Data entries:
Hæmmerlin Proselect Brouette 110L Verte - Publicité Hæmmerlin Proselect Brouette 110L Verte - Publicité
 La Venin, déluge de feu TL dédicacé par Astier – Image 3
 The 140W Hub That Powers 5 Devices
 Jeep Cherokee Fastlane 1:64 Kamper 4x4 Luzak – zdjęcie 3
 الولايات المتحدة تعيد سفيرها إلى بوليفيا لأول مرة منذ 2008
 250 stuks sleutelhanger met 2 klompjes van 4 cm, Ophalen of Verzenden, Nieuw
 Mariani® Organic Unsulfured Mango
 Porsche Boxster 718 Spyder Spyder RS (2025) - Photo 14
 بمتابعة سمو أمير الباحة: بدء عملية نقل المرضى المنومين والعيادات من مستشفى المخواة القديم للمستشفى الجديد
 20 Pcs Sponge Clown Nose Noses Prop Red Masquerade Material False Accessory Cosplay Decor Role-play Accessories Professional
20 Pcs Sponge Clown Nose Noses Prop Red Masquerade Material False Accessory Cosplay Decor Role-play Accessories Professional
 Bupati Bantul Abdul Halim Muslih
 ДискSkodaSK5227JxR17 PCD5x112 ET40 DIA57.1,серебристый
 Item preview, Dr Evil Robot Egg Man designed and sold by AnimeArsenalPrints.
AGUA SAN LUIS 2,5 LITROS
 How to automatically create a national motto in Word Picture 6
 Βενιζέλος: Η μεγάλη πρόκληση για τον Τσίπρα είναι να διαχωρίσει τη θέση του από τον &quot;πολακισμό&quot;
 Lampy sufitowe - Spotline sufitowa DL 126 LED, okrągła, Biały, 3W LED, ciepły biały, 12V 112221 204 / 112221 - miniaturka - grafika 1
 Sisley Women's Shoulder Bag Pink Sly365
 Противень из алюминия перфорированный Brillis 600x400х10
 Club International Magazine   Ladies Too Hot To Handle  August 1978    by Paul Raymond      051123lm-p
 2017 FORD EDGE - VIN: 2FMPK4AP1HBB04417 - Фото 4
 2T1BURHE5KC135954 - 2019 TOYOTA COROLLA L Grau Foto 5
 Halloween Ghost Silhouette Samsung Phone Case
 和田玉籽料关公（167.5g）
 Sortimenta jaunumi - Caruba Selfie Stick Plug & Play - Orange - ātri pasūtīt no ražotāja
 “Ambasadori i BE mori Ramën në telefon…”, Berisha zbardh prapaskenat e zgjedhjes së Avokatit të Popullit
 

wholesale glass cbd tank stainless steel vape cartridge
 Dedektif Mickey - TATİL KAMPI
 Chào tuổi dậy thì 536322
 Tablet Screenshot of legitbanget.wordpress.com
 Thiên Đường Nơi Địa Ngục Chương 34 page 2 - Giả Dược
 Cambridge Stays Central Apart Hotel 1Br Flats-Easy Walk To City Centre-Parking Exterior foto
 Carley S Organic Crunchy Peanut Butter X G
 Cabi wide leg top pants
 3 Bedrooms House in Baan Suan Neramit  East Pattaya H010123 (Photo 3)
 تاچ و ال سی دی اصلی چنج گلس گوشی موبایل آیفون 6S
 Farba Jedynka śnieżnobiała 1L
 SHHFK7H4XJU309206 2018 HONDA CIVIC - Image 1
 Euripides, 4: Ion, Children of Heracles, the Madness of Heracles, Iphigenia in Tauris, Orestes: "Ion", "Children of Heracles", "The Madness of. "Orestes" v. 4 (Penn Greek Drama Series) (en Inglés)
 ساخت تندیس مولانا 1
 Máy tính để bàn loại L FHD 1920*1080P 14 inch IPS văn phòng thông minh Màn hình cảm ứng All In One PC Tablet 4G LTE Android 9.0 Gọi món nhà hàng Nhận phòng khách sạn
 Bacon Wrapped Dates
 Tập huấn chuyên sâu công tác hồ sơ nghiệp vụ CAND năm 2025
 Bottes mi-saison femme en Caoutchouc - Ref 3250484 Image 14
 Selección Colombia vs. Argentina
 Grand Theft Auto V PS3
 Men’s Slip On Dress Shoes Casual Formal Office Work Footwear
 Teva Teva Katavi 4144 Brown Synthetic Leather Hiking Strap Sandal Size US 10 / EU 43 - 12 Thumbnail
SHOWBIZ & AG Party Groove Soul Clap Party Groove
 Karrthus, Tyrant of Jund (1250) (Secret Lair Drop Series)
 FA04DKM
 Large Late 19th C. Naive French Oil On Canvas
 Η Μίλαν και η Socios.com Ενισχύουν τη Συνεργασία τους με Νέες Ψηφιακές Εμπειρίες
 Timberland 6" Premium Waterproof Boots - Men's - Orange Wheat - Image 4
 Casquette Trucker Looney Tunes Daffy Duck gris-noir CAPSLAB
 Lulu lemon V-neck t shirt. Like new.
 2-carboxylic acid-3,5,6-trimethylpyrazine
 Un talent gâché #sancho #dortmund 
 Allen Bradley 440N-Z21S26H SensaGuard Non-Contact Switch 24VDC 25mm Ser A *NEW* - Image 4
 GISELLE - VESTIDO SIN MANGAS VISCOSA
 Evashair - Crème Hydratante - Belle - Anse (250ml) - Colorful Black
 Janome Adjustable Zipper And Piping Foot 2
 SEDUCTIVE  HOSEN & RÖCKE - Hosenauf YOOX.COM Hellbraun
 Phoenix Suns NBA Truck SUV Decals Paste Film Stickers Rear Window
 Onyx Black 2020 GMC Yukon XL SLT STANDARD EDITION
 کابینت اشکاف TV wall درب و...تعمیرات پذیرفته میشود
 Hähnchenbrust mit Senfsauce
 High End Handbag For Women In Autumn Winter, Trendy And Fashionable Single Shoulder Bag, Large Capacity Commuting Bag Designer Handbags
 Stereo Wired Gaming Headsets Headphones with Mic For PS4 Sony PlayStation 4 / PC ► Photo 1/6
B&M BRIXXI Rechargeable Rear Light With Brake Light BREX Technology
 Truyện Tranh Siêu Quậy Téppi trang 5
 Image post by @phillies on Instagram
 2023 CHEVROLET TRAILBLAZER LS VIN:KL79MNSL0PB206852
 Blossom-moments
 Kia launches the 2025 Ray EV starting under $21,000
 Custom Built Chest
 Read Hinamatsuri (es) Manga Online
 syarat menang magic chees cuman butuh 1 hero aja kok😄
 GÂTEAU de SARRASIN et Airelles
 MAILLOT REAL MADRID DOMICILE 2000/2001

THE TASK: Please reproduce the lines from the line with "和田玉籽料关公（167.5g）" to the line with "Dedektif Mickey - TATİL KAMPI", both ends included, exactly as they appear above.

RESPONSE:
 和田玉籽料关公（167.5g）
 Sortimenta jaunumi - Caruba Selfie Stick Plug & Play - Orange - ātri pasūtīt no ražotāja
 “Ambasadori i BE mori Ramën në telefon…”, Berisha zbardh prapaskenat e zgjedhjes së Avokatit të Popullit
 

wholesale glass cbd tank stainless steel vape cartridge
 Dedektif Mickey - TATİL KAMPI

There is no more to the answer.